* Requirement *
Make an exact copy of the lines starting at the top of the listing below and ending at the line that contains "Blue Aotearoa Tukutuku", inclusive.

* Information supplied *
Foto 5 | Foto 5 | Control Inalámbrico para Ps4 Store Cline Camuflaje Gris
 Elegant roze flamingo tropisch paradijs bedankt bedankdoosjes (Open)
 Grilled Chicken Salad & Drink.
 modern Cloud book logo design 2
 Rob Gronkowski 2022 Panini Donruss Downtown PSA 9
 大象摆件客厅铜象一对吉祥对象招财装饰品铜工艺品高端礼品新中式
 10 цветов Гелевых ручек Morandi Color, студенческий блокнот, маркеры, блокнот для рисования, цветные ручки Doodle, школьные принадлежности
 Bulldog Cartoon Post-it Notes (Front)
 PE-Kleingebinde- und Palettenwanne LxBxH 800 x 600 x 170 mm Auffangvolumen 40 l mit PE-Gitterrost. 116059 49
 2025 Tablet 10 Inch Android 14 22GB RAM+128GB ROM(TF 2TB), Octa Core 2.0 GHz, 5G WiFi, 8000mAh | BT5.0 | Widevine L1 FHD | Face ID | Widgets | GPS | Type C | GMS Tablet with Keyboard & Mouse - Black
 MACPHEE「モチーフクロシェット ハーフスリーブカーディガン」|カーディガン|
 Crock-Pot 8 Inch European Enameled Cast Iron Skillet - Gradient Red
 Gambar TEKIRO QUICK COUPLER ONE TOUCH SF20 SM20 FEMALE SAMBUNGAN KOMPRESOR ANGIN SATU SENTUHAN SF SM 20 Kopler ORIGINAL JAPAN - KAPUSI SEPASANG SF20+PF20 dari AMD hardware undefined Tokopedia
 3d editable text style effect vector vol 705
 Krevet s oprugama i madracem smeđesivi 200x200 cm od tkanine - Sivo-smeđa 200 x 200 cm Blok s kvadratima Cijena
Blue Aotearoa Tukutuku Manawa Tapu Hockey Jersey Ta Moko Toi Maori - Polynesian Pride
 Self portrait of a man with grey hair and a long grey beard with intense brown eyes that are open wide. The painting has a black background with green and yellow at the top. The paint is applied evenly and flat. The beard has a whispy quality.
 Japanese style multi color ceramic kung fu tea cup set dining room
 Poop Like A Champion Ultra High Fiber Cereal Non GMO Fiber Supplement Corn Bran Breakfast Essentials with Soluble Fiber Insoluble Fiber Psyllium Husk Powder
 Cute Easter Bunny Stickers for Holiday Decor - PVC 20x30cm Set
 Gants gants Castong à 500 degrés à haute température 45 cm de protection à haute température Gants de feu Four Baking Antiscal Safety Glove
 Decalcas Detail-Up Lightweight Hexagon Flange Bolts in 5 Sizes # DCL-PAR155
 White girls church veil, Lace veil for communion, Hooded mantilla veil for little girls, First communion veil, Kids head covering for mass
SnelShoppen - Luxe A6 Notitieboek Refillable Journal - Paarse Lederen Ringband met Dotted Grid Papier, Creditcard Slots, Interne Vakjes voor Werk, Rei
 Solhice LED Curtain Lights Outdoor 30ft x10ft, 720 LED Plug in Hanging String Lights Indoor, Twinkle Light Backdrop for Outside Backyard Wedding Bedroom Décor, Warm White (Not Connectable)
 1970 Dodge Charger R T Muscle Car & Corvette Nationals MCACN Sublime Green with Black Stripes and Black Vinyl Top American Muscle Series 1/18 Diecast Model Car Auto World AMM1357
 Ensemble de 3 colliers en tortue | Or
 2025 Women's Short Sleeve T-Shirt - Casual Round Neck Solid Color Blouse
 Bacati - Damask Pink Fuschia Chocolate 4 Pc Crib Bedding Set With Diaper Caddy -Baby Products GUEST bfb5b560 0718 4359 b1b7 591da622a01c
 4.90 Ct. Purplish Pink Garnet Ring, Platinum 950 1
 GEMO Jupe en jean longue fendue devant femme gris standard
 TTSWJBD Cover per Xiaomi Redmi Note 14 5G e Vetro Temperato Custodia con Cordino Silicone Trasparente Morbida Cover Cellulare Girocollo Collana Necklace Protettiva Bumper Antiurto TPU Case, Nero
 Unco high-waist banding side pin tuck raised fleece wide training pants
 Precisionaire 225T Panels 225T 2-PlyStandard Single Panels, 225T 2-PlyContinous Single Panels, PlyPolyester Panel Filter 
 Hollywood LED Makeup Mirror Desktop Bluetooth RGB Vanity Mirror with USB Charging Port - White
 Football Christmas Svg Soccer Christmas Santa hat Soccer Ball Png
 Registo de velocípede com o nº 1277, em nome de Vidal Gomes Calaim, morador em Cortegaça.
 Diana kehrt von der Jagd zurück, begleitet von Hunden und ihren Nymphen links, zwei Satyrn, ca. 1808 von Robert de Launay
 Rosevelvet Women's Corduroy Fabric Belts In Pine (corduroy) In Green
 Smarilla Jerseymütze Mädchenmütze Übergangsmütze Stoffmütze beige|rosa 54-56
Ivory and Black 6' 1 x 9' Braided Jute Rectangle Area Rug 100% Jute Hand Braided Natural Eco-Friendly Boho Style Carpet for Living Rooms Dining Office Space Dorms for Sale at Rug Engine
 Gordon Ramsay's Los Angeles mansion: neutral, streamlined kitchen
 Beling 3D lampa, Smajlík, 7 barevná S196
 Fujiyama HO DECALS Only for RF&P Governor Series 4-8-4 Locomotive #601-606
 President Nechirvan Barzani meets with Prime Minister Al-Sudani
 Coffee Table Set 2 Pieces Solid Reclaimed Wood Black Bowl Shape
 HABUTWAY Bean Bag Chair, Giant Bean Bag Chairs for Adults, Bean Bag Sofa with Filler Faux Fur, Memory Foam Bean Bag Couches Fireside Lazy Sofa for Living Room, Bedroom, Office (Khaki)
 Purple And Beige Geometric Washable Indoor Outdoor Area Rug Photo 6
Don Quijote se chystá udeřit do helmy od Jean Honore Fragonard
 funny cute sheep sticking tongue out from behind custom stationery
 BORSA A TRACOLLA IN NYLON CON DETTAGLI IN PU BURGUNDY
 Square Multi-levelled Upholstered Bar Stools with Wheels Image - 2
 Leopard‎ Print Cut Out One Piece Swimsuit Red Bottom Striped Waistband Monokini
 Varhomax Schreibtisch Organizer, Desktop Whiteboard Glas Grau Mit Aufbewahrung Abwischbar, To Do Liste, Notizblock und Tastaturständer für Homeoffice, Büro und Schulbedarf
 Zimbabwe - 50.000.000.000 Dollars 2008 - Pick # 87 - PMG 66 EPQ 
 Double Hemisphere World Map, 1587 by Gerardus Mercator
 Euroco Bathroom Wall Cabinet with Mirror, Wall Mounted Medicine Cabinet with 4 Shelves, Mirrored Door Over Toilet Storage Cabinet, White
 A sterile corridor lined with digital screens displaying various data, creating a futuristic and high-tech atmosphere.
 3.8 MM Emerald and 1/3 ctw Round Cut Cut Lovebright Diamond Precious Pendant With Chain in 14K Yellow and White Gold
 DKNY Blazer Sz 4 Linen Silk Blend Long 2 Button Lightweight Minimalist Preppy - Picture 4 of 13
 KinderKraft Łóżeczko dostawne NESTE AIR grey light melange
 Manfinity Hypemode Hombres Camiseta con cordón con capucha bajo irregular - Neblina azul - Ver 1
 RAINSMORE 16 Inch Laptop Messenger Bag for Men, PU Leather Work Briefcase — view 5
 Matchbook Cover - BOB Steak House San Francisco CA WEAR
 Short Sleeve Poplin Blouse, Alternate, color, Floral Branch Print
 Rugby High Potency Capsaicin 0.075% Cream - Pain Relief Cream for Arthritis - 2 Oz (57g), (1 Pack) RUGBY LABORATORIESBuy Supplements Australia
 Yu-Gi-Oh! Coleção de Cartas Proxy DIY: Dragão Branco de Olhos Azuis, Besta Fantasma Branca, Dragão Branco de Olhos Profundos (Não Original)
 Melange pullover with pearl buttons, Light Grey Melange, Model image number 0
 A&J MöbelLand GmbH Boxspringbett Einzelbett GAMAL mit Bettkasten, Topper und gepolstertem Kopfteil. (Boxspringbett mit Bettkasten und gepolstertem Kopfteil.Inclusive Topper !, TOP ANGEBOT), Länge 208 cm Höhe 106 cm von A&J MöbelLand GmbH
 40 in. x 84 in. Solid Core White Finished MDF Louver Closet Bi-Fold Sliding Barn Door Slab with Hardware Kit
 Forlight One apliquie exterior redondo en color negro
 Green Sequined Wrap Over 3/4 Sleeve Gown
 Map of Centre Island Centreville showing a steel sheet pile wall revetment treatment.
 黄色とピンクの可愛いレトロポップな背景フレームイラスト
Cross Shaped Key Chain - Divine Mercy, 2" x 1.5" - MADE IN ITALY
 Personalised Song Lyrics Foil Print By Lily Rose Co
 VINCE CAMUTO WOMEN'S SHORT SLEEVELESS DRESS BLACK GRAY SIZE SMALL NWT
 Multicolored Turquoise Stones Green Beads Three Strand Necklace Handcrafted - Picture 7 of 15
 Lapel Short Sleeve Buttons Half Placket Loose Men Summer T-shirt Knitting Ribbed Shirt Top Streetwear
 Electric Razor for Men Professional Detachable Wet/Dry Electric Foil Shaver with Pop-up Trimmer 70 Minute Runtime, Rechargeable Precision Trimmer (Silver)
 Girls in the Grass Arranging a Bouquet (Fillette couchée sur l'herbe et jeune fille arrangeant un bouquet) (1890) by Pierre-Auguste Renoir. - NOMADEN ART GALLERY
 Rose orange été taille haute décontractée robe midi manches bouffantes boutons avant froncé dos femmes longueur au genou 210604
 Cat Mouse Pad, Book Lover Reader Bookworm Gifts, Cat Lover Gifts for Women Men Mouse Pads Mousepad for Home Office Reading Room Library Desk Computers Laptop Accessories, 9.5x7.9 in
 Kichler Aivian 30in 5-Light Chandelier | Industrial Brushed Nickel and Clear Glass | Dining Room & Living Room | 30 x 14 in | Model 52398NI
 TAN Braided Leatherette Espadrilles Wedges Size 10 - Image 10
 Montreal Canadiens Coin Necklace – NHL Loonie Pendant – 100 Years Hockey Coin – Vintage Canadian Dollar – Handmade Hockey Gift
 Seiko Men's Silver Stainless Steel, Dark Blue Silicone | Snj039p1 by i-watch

* Expected answer *
Foto 5 | Foto 5 | Control Inalámbrico para Ps4 Store Cline Camuflaje Gris
 Elegant roze flamingo tropisch paradijs bedankt bedankdoosjes (Open)
 Grilled Chicken Salad & Drink.
 modern Cloud book logo design 2
 Rob Gronkowski 2022 Panini Donruss Downtown PSA 9
 大象摆件客厅铜象一对吉祥对象招财装饰品铜工艺品高端礼品新中式
 10 цветов Гелевых ручек Morandi Color, студенческий блокнот, маркеры, блокнот для рисования, цветные ручки Doodle, школьные принадлежности
 Bulldog Cartoon Post-it Notes (Front)
 PE-Kleingebinde- und Palettenwanne LxBxH 800 x 600 x 170 mm Auffangvolumen 40 l mit PE-Gitterrost. 116059 49
 2025 Tablet 10 Inch Android 14 22GB RAM+128GB ROM(TF 2TB), Octa Core 2.0 GHz, 5G WiFi, 8000mAh | BT5.0 | Widevine L1 FHD | Face ID | Widgets | GPS | Type C | GMS Tablet with Keyboard & Mouse - Black
 MACPHEE「モチーフクロシェット ハーフスリーブカーディガン」|カーディガン|
 Crock-Pot 8 Inch European Enameled Cast Iron Skillet - Gradient Red
 Gambar TEKIRO QUICK COUPLER ONE TOUCH SF20 SM20 FEMALE SAMBUNGAN KOMPRESOR ANGIN SATU SENTUHAN SF SM 20 Kopler ORIGINAL JAPAN - KAPUSI SEPASANG SF20+PF20 dari AMD hardware undefined Tokopedia
 3d editable text style effect vector vol 705
 Krevet s oprugama i madracem smeđesivi 200x200 cm od tkanine - Sivo-smeđa 200 x 200 cm Blok s kvadratima Cijena
Blue Aotearoa Tukutuku Manawa Tapu Hockey Jersey Ta Moko Toi Maori - Polynesian Pride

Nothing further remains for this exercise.